In standard Scrabble scoring, DIG totals 5 points before multipliers. That sum uses official letter values: common tiles (A, E, I, O, U, L, N, S, T, R) are worth 1, while D and G are 2, B, C, M, P are 3, F, H, V, W, Y are 4, K is 5, J and X are 8, and Q and Z are 10. DIG relies mostly on common tiles, which often makes it easier to play from a mixed rack but caps the raw ceiling compared with high-premium words.
DIG is 3 letters long, begins with D, ends with G, and sorts to the alphagram DGI. There is 1 anagram in this dictionary sharing that exact letter bag. Letter makeup: 1 vowel, 2 consonants.
Among 18 tracked 3-letter entries, DIG ranks by raw score (5 points). Anagram alternatives include GID — useful when you need the same tiles with a different hook letter. Similar-length words in the same dictionary include QQV, XXX, XYZ, SQQ; open their word pages to compare endings, vowel weight, and crossover potential.
Strategically, DIG carries 1 vowel and 2 consonants. Its consonant-heavy shape pairs well with open vowel dumps on the board.

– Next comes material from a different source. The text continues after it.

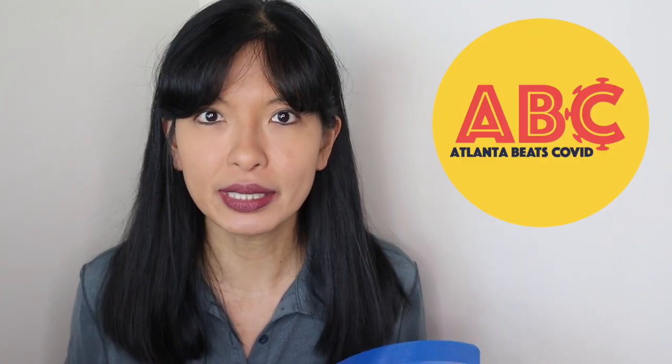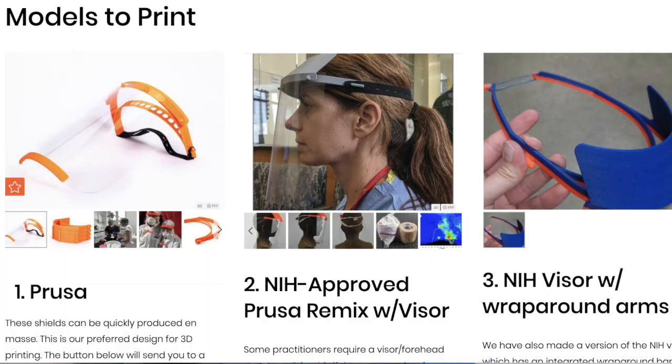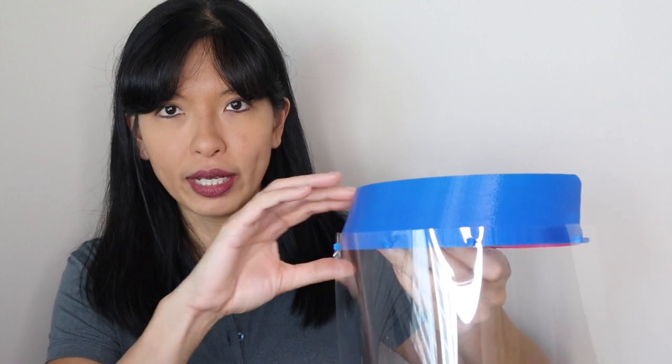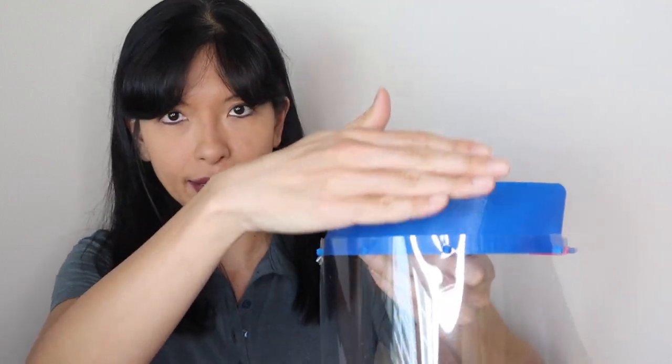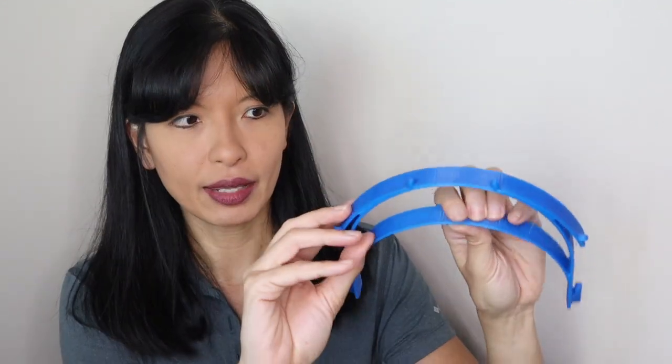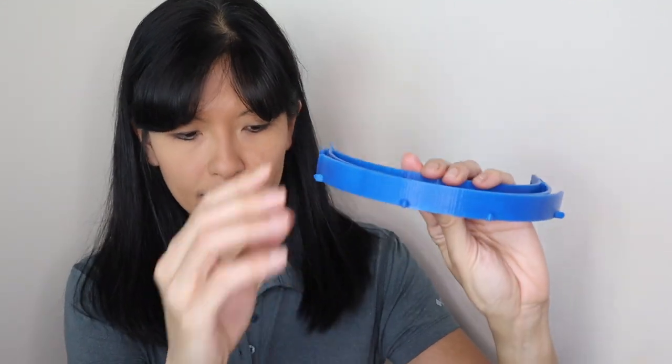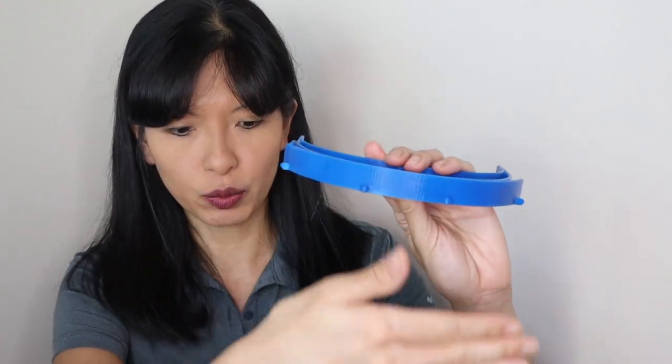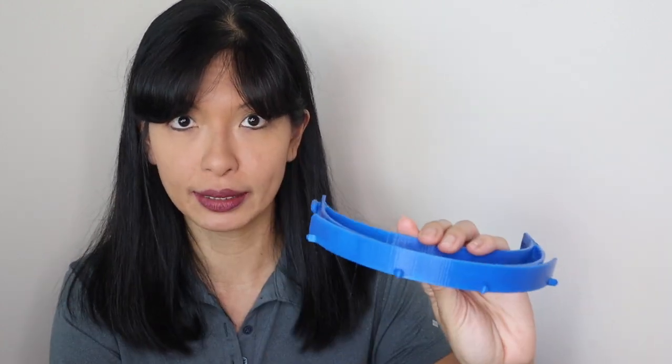There are a bunch of different designs out there. I'm working with Atlanta Beats COVID, ABC, and they have settled on three different designs. You can print any of these designs that you want, and then drop off your prints at their specified locations. Now, this one has a shield visor type, and then this one doesn't have that shield on there, and then you would put the clear plastic part.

Hooks on D or G are common study angles; browse words starting with D and words ending with G to rehearse parallel sets.
DIG is a 3-letter answer slot candidate. Filter by length 3, starts with D, ends with G, or contains letters from your crossing entries in the Crossword Solver and Pattern Finder. For American-style grids, 3-letter entries like DIG frequently cross shorter words; knowing that DIG contains D, G, I helps you test crossing letters quickly. When you only know a few cells, open the Crossword Solver with a pattern such as d?g to narrow candidates before checking definitions.

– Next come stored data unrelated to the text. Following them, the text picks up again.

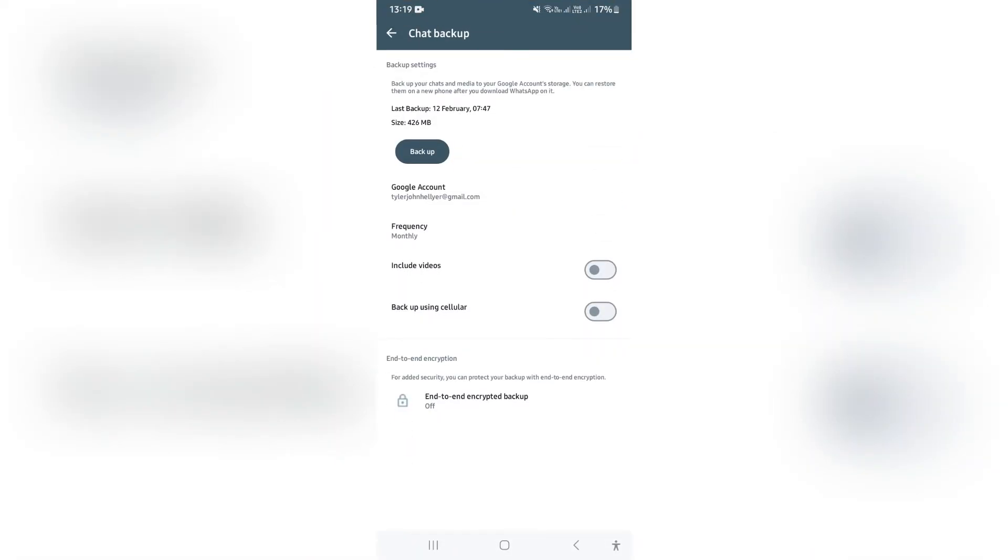Once you tap this, you will have the option to tap on backup at the top. This will be backed up to the Google account of your choice.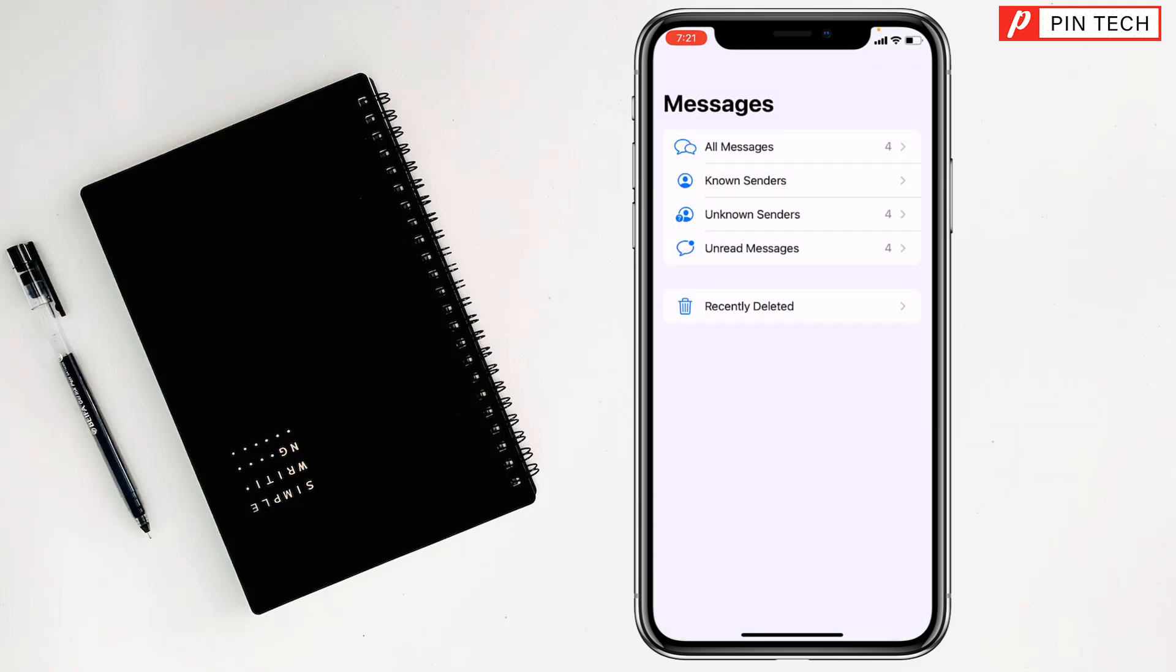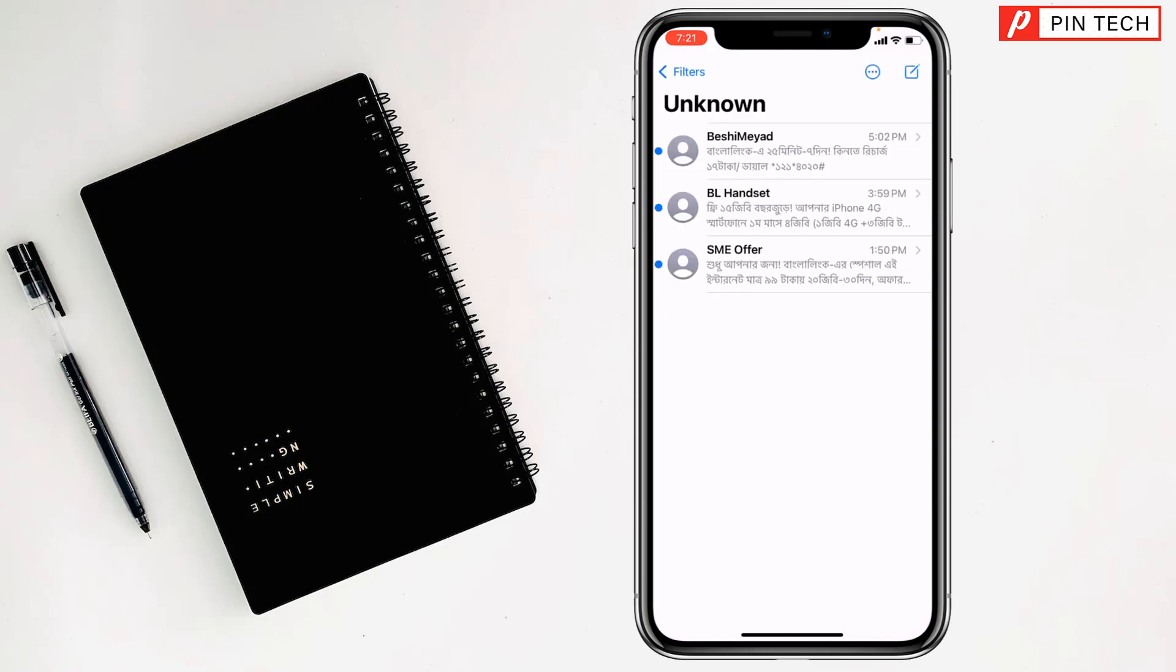And you'll find here also Unknown Senders. You have to tap on here and see, this is the junk message. So friends, like this, if you want, you can see junk messages on iPhone.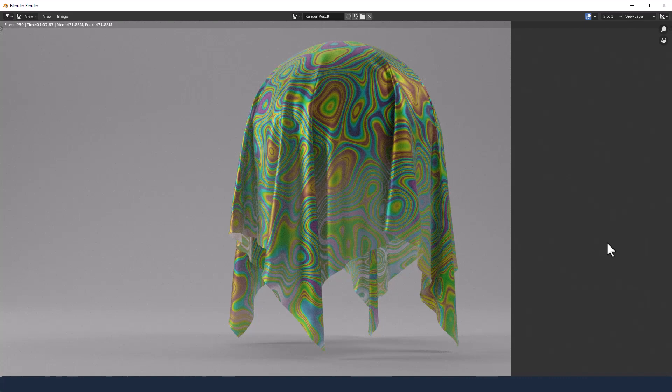And there we have our psychedelic silk. It took just over a minute to process at 512 samples, so you could probably afford a few more samples if you've got the time during your render. Given that it's taken just over a minute, that's actually good for animations as well.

Notable letter pairs inside DIG include DI, IG — each links to a "contains" list for deeper drilling. Unique letters used: D, I, G. Letter-frequency tables on this site are built from the same dictionary that powers the Word Unscrambler, so list pages and word pages stay consistent.
Use UnscrambleTools tools together: unscramble dig directly in the Word Unscrambler, rehearse rearrangements in the Anagram Solver, filter crossword slots in the Pattern Finder, and verify 5 points in the Scrabble Score Calculator. Daily puzzle hints and Wordle practice pages share the same dictionary backbone, which keeps scores and validity aligned across the site.

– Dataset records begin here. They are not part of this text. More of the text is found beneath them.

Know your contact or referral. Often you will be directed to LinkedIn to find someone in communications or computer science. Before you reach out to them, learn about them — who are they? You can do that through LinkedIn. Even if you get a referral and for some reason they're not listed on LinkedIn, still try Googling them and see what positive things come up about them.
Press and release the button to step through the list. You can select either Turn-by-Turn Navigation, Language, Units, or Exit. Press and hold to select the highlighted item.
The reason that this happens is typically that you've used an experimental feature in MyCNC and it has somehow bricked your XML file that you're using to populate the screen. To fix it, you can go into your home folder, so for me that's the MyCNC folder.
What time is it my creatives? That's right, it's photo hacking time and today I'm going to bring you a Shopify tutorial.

Etymology: UnscrambleTools does not publish a full historical etymology for every rare word-game entry. When we detect recognizable English prefixes or suffixes, we note them in the definition section; otherwise treat DIG as a playable vocabulary item for puzzles and study.
Example usage: Example: "DIG — create by digging; "dig a hole"; "dig out a channel"" (5 Scrabble points). If you are validating a tournament list, cross-check NASPA or WESPA references — our dictionary optimizes for practical word-game coverage, including obscure but legal entries that appear in casual Scrabble and crossword construction.